By being based on the will of men the legal norm is distinguished also from good manners; these are not based on the fact that men will a certain procedure, but on the fact that they themselves proceed in a certain way. It is manners that one goes to a ball in a dress coat and white gloves, uses his knife at table only for cutting, begs the daughter of the house for a dance or at least one round, takes leave of the master and mistress of the house, and lastly presses a tip into the servant's hand; for the correctness of such a behavior is not based on the fact that other men ask this of us,—to those who start a new fashion it is often actually unpleasant to find that the fashion is spreading to more extensive circles,—but solely on the fact that other men themselves behave so, and that we want "not to be peculiar," "not to make ourselves conspicuous," "to do like the rest," etc.

By being based on a will which relates at once to those whose will it is and to others whose will it is not, it is distinguished on the one hand from an arbitrary command, in which one's will applies only to others, and on the other from a resolution, in which it applies only to himself. It is an arbitrary command when Cortes with his Spaniards commands the Mexicans to bring out their gold, or when a band of robbers forbids a frightened peasantry to betray their hiding-place; here a human will decides, indeed, but a will that relates only to other men, and not at the same time to those whose will it is. A resolution is presented when I have decided to get up at six every morning, or to leave off smoking, or to finish a piece of work within a specified time—here a human will is indeed the standard, but it relates only to him whose will it is, not at all to others.

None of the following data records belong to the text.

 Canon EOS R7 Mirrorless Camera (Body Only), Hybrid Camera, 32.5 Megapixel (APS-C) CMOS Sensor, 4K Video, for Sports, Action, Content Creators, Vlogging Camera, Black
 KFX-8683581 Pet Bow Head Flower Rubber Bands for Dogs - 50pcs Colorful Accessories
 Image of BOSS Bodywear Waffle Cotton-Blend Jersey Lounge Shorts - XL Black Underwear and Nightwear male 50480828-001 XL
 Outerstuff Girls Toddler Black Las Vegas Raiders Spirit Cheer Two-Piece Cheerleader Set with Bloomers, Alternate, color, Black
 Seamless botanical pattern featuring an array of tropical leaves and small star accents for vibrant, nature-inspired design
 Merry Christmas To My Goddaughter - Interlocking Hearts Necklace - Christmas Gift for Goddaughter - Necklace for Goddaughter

6. What is briefly summed up in the definition of the legal norm may, if one takes into account the explanations which have been given with this definition, be expanded as follows:

Men will that a given procedure be generally observed within a circle which includes themselves, and their power is so great that their will is competent to affect the men of this circle in their procedure. When such is the condition of things, a legal norm exists.

3.—THE STATE

The State is a legal relation by virtue of which a supreme authority exists in a certain territory.

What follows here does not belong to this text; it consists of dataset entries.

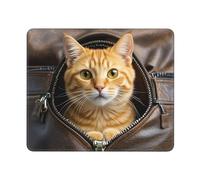 Tappetino Mouse Cat Peeks out of Zippered Leather Pocket Accessori Gaming Resistente agli Schizzi Tappetini Base Antiscivolo Mouse Pad per Computer Casa Essenziale per Ufficio XL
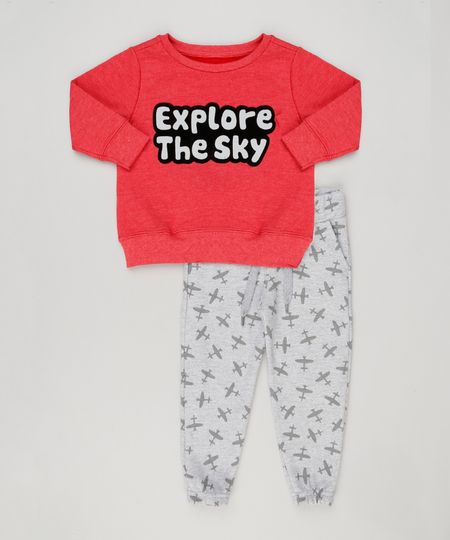 Conjunto-Infantil-de-Blusao--Explore-The-Sky--Vermelho---Calca-Estampada-de-Avioes-em-Moletom-Cinza-Mescla-9118257-Cinza_Mescla_1 Conjunto-Infantil-de-Blusao--Explore-The-Sky--Vermelho---Calca-Estampada-de-Avioes-em-Moletom-Cinza-Mescla-9118257-Cinza_Mescla_1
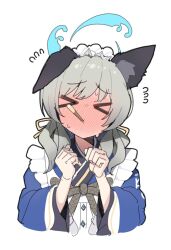 &gt;_&lt; 1girl animal_ears apron blue_archive blue_kimono blush clenched_hands cropped_torso dog_ears dog_girl embarrassed flying_sweatdrops food food_in_mouth frilled_apron frilled_kimono frills full-face_blush grey_hair halo hands_up highres japanese_clothes kimono low_twintails maid maid_apron maid_headdress mouth_hold patanda pocky pocky_in_mouth ribbon single_ear_down three-quarter_sleeves solo twintails umika_(blue_archive) upper_body wa_maid white_apron wide_sleeves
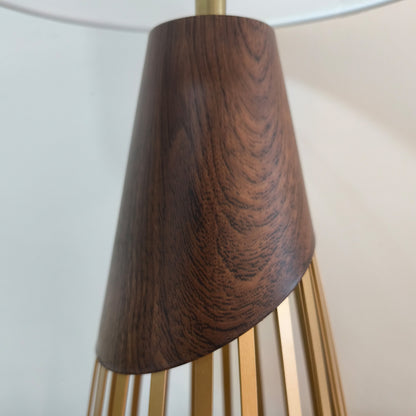 Lámpara de Mesa LED Base Varillada Dorada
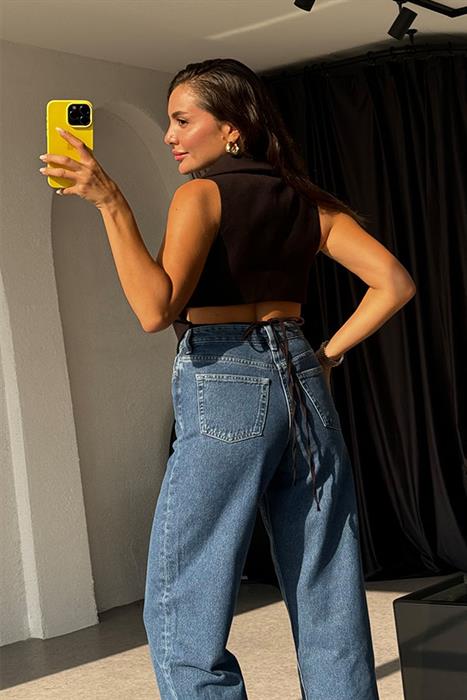 Maisie Keten Bağlamalı Yelek-Siyah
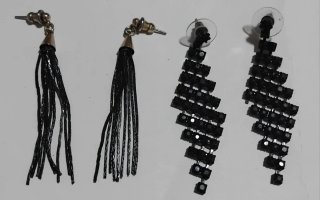 Lote 2 Pares Pendientes Negros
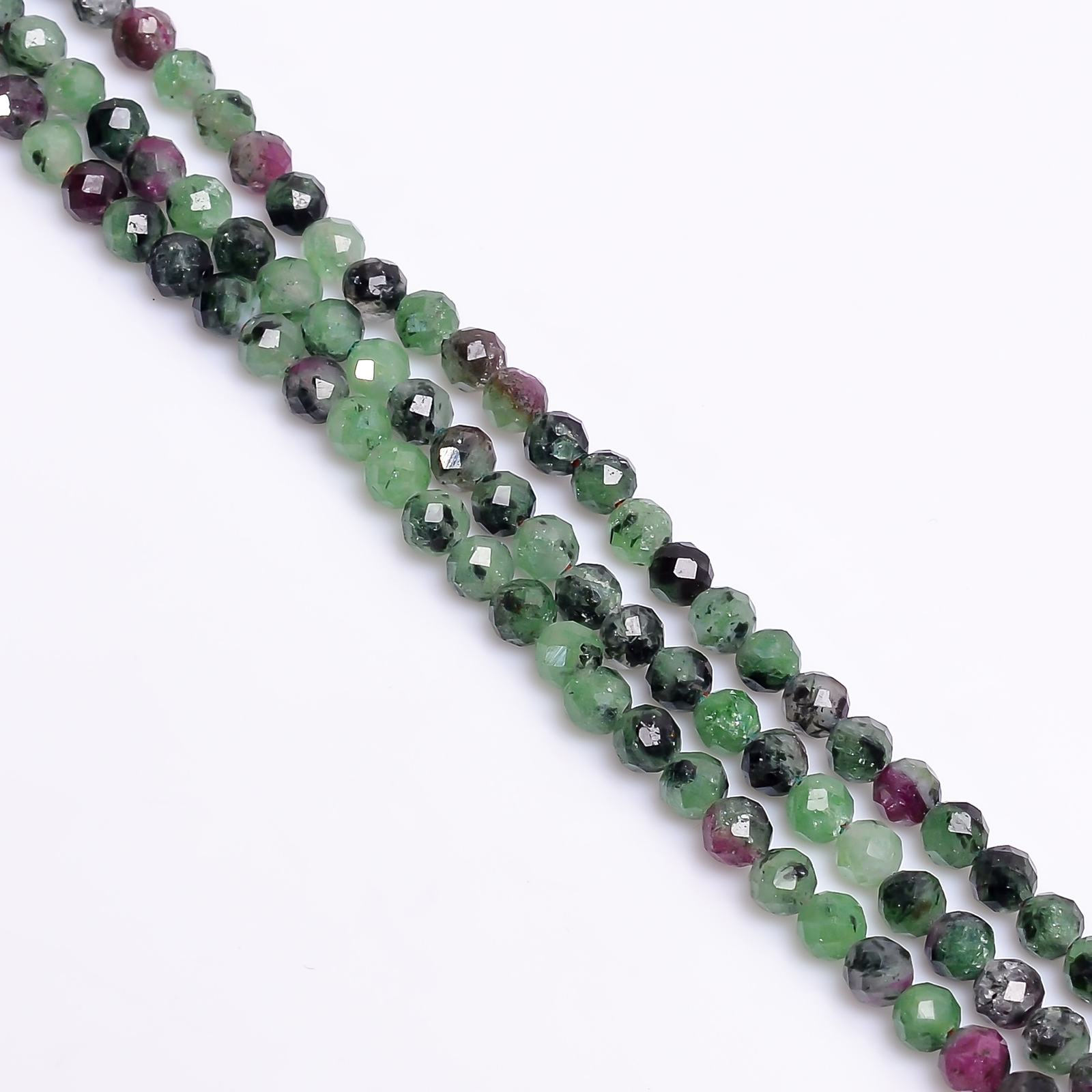 100% Natural Ruby Zoisite Gemstone Round Faceted Beads 3X3 mm Strand 13″ EB-246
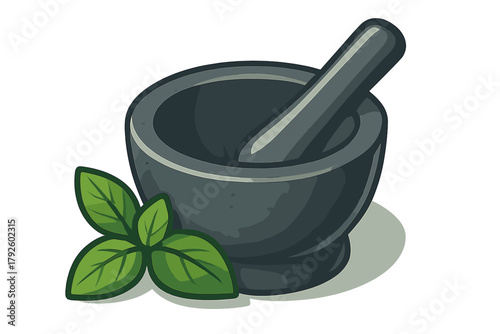 Dark stone mortar and pestle with fresh green basil leaves for cooking or herbal preparation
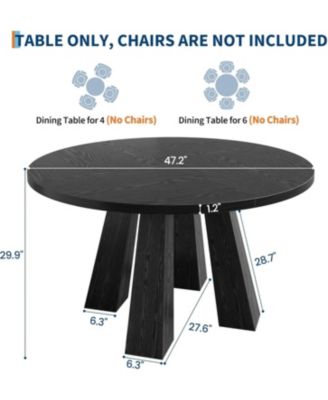 47" Round Dining Table for 4-6, Wood Kitchen Table with Sturdy Base, Farmhouse Circle Dinner Table for Dining Room, Living Room, 4 Strong Legs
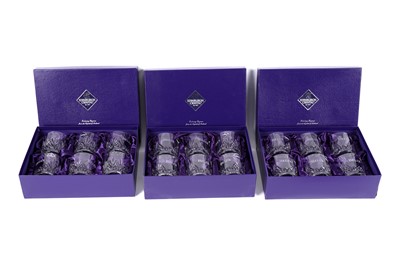 Lot 183 - Three cased sets of six Bell’s Edinburgh Crystal whisky tumblers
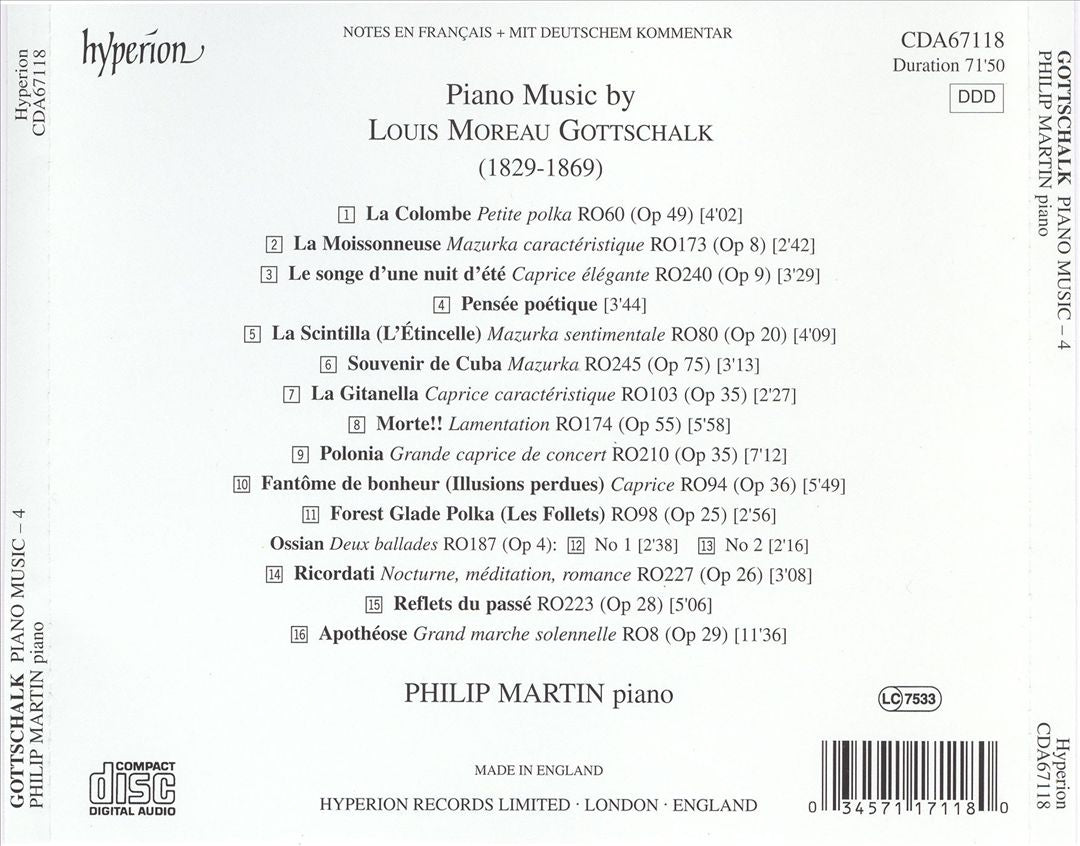Gottschalk: Piano Music - 4 cover art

1. The State is a legal relation.

A legal relation is the relation, determined by legal norms, of an obligated party, one to whom a procedure is prescribed, to an entitled party, one for whose sake it is prescribed. Thus, for instance, the legal relation of a loan is a relation of the borrower, who is bound by the legal norms concerning loans, to the lender, for whose sake he is bound.

The State is the legal relation of all the men who by legal norms are subjected to a supreme territorial authority, to all those for whose sake they are subjected to it. Here the circle of the entitled and the obligated is one and the same; the State is a bond upon all in favor of all.

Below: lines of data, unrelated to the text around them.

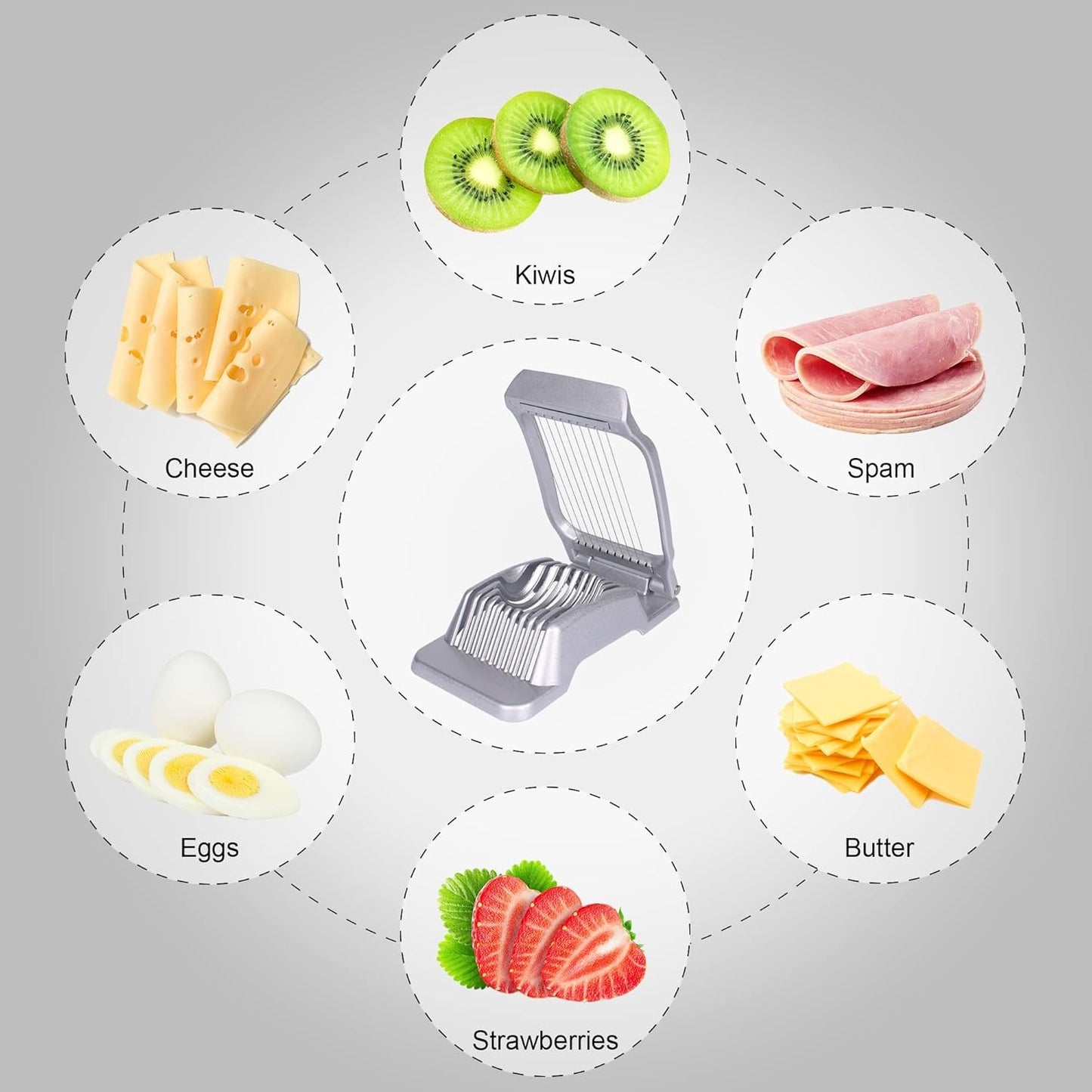 Home Collection Aluminum Egg Slicer with Stainless Steel Wires
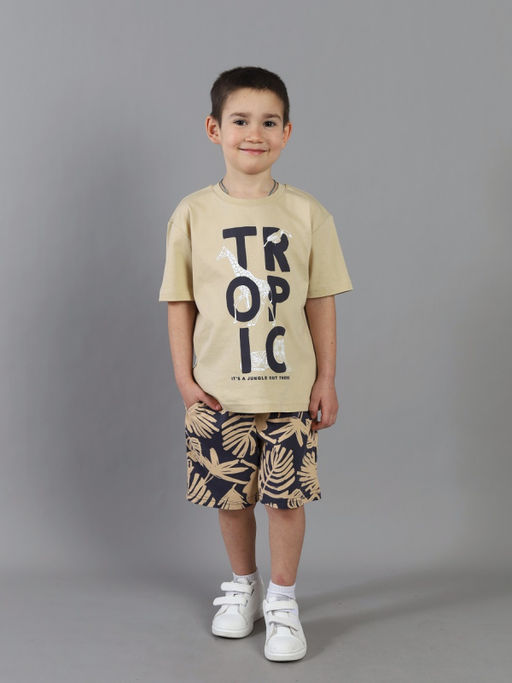 CRB wear / CSKB 90296-31K Комплект для мальчика (футболка, шорты),песочный/Ex.Cherubino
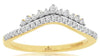 ESTATE .23CT DIAMOND 14KT YELLOW GOLD 3D ROUND GRADUATING V SHAPE CROWN RING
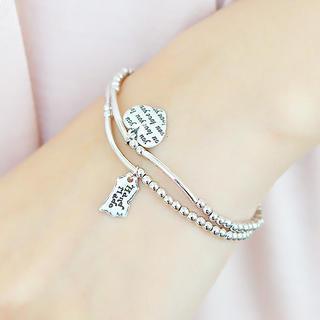 Set Of 2: Lettering-print Beaded Bracelet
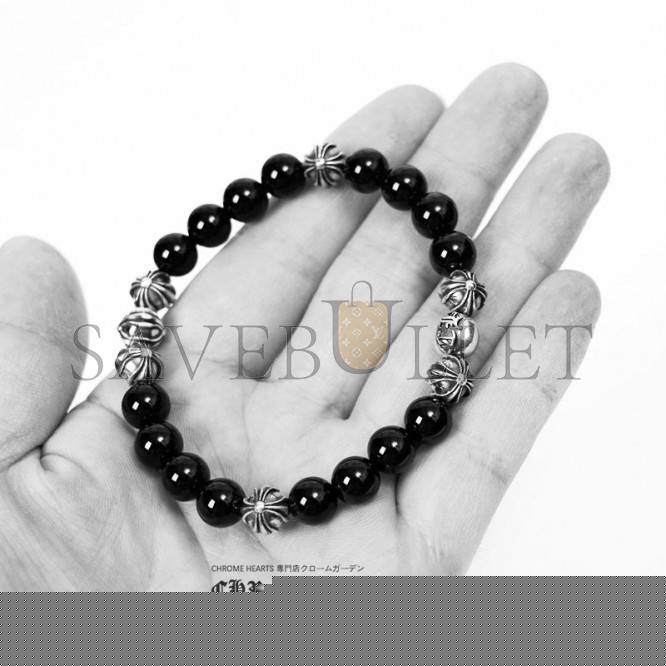 CHROME HEARTS ONYX BEAD BRACELET 8MM (8 SILVER BEADS)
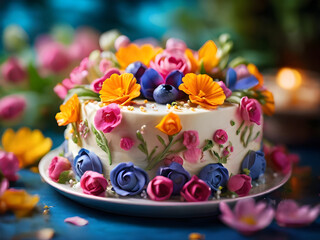 Flower cake, flowers, food photography, beautiful, delicious food, recipe photography, realistic, natural light, colorful, food art, object photography, still life food photography, ultra hd, bokeh, 
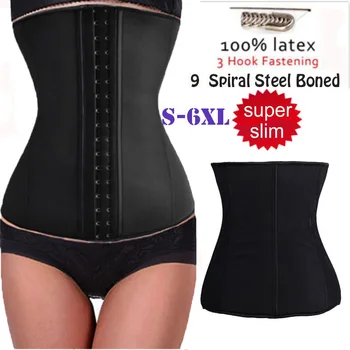 

Latex Rubber 9 Steel Bone Body Shaper Women Waist Trainer Cincher Underbust Corset Weight Loss Silmmimg Shapewear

To this it might perhaps be objected that the State is not a legal relation but a person. But the two propositions, that an association of men is a person in the legal sense and that it is a legal relation, are quite compatible; nay, its attribute of personality is based mainly on its attribute of being a legal relation of a particular kind; law, in viewing the association in its outward relationships as a person, starts from the fact that men are bound together by a particular legal relation. A joint-stock corporation is a person not although, but because, it is a legal relation of a peculiar kind. And similarly, the fact that the State is a person is not only reconcilable with its being a legal relation, but is founded on its being a peculiar legal relation.